Assim, a controvérsia está em aferir a quem incumbe a responsabilidade pelo pagamento do IPTU, de imóvel arrematado em hasta pública.

Por conseguinte, o Superior Tribunal de Justiça possui entendimento no sentido de que o arrematante recebe o imóvel livre de quaisquer ônus, porquanto, havendo alienação em leilão judicial, transfere-se ao credor o saldo após dedução dos impostos, no limite da arrematação. Uma outra questão muito particular se dá quando o valor da arrematação não é suficiente para cobrir o débito tributário, não fica o arrematante responsável pelo eventual saldo devedor.

A arrematação tem o efeito de extinguir os ônus que incidem sobre o bem imóvel arrematado, passando este ao arrematante livre e desembaraçado dos encargos tributários (REsp.166975/SP).
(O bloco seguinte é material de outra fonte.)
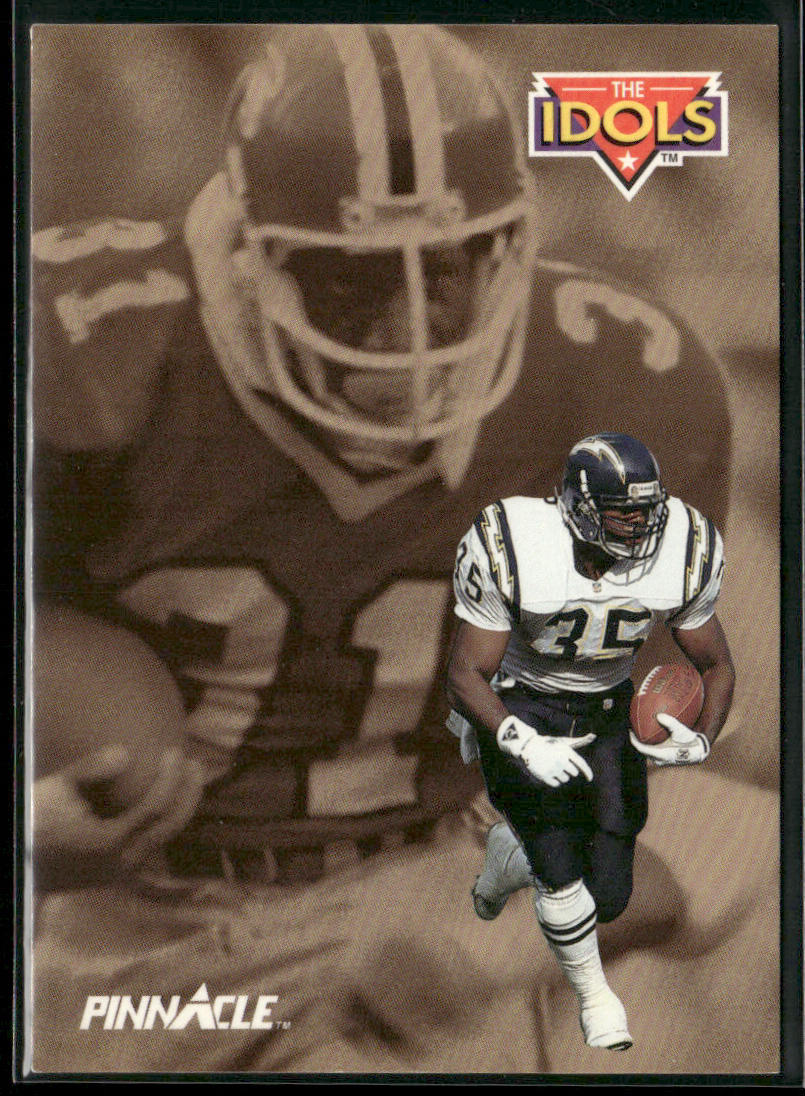 Marion Butts / William Andrews 1992 Pinnacle #348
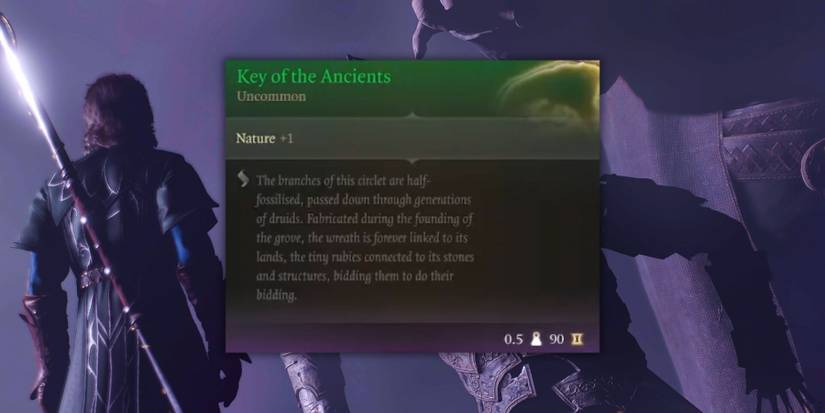 Key of the Ancients in BG3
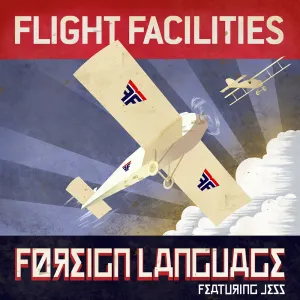 Pochette de Foreign Language de Flight Facilities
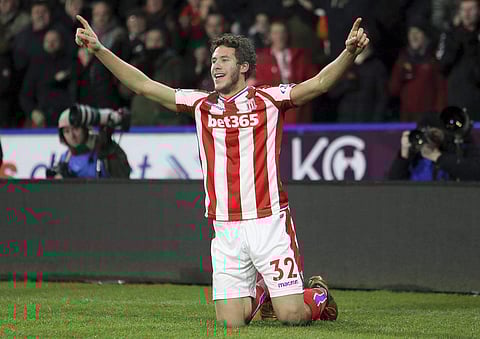 Ramadan Sobhi made 41 appearances for Stoke City after joining from Al Ahly in July 2016. (File | AP)
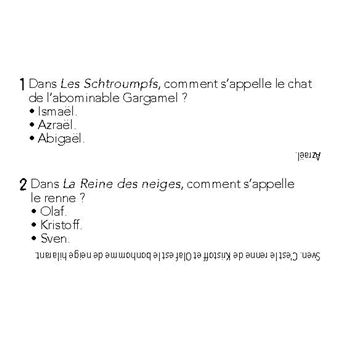 Animaux dingos - 540 quiz et défis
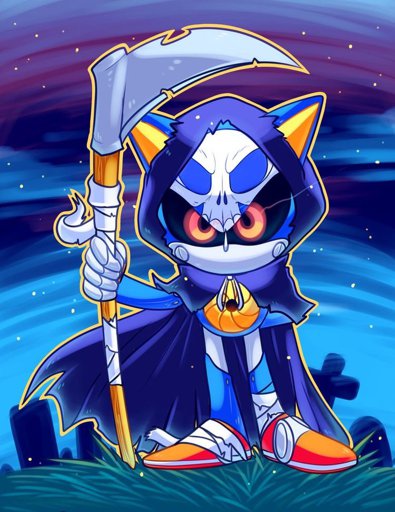 Reaper Metal Sonic | Wiki | Sonic the Hedgehog! Amino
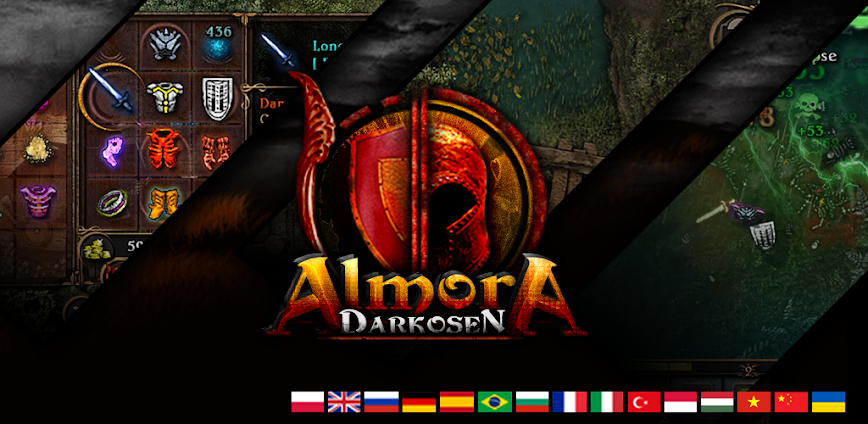 Almora Darkosen RPG v1.2.21 MOD APK [Unlocked All DLC]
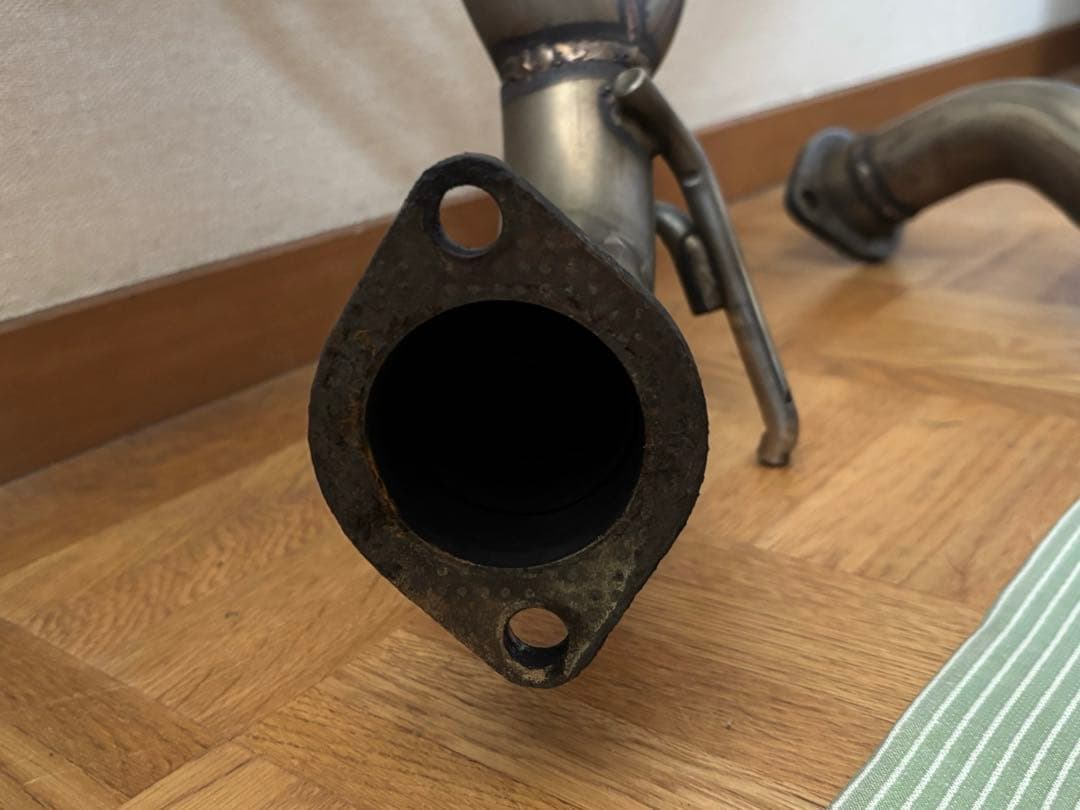 zc33s COLBASSO Ti-C マフラー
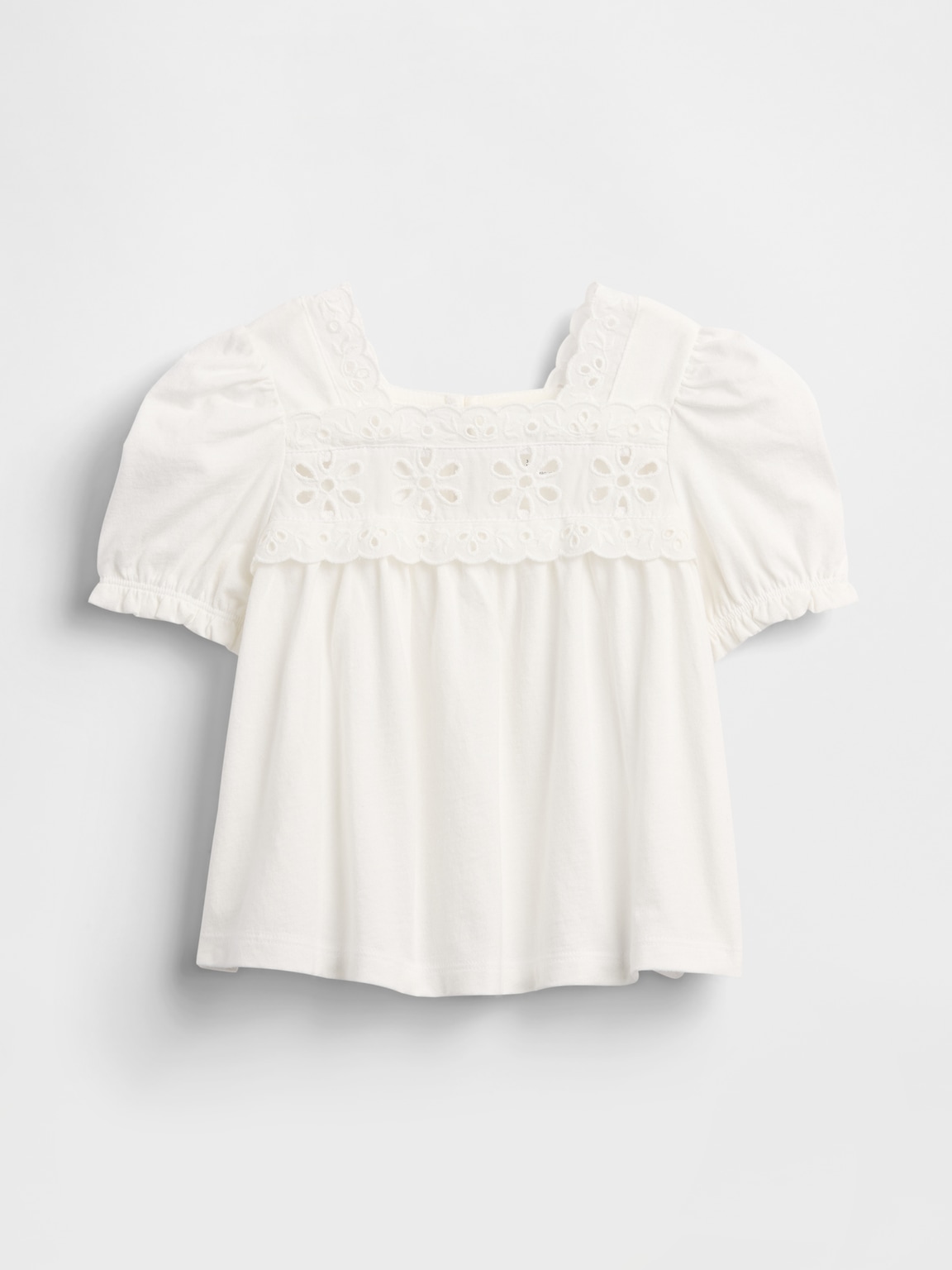 Baby & Toddler Eyelet Top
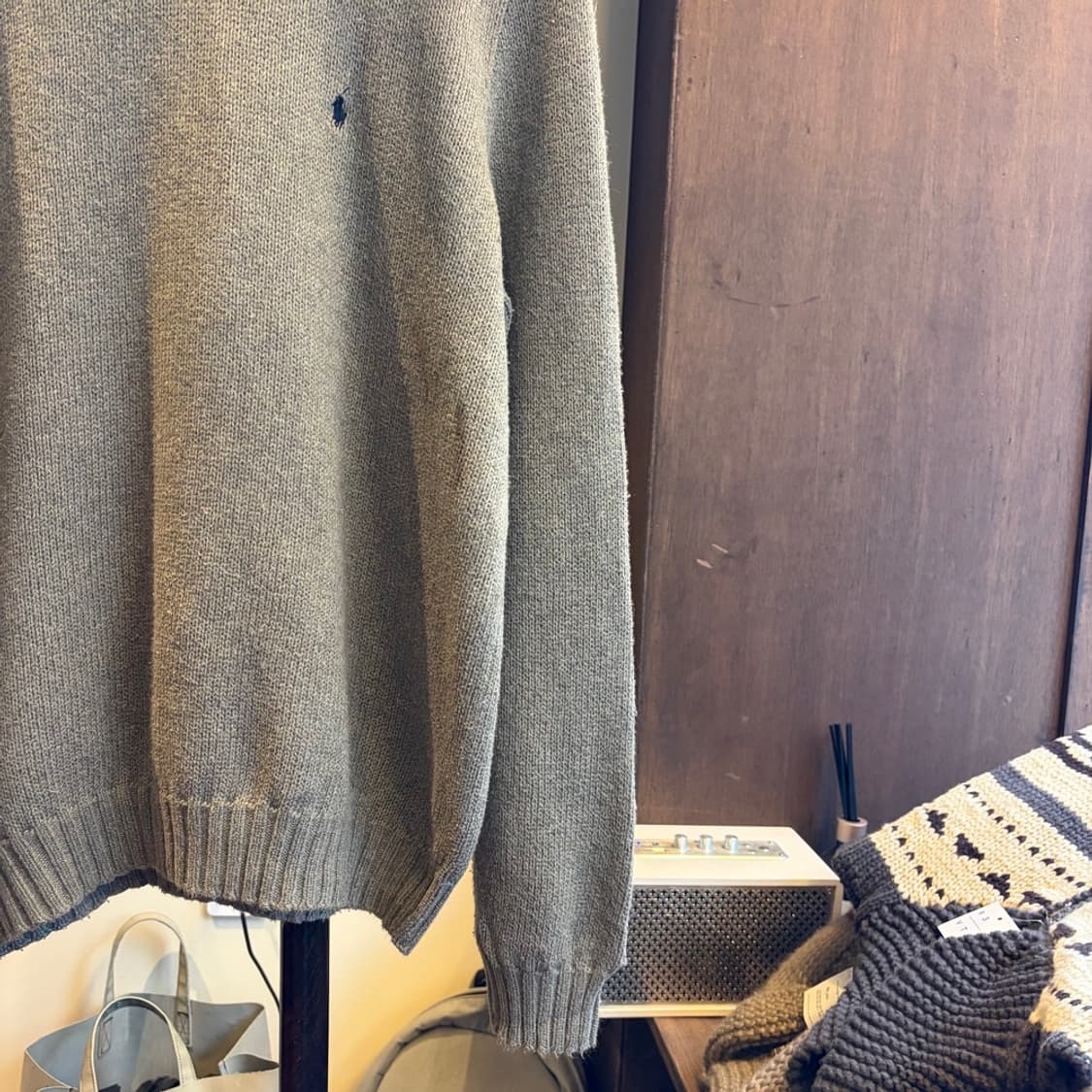 15605 - 폴로 랄프로렌 그레이 니트 상품이미지4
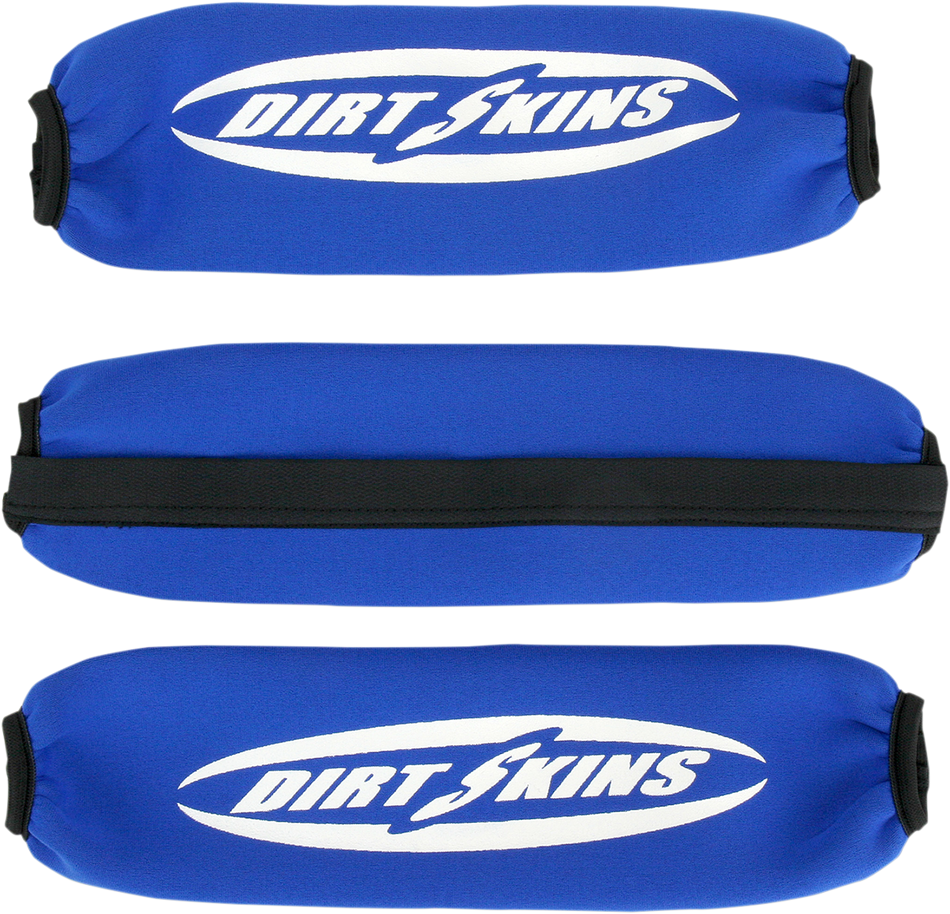 SCHAMPA & DIRT SKINS Neoprene Shock Covers - Blue DS03-2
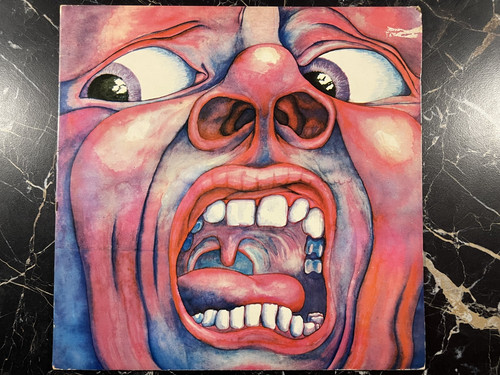 King crimson in - crimson,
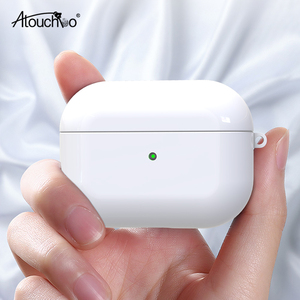 ATOUCHBO 2020 más nuevo de cerámica blanca TPU para los <span class=keywords><strong>Airpods</strong></span> caso Pro - Product Image 6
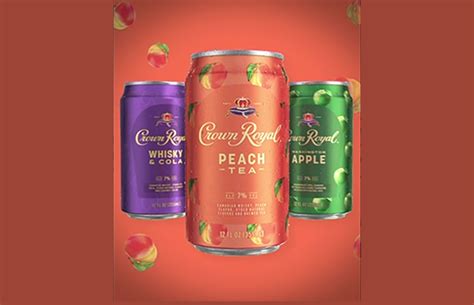 Crown Royal Launches New Ready to Drink Cocktails in a Can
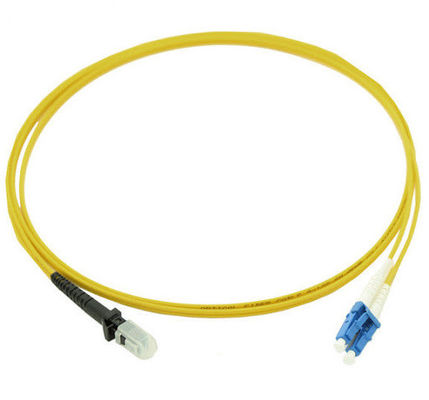 E2000 Kabel Fiber Patch Untuk LC/ SC/ FC/ ST/ MU/ MTRJ/ MPO/ DIN/ SMA/ D4/ SFF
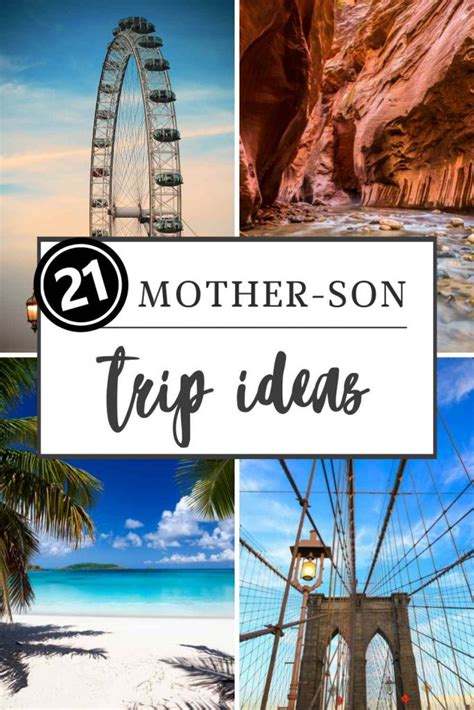 xxx mom sleep son|21 Unforgettable Mother Son Trip Ideas .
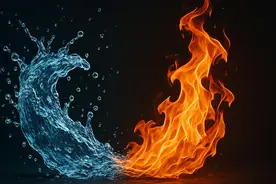 为什么很多人不清楚火是什么？水是H2O，那火呢？图片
Outra relevância a considerar-se é quando do edital consta expressamente que a arrematação será feita sem exoneração dos ônus tributários. Portanto, o arrematante deverá também pagar os débitos em aberto e que constam da publicação.

Assim, diante da menção da existência de ônus sobre o bem levado à venda pública, em estrita observância ao disposto no artigo 686, inciso V, do Código de Processo Civil, caberá ao arrematante a responsabilidade pela quitação dos impostos devidos.

Desta forma, a responsabilidade pelo pagamento de débitos condominiais e tributários existentes sobre o imóvel arrematado, mas que não foram mencionadas no edital de praça, não pode ser atribuída ao arrematante.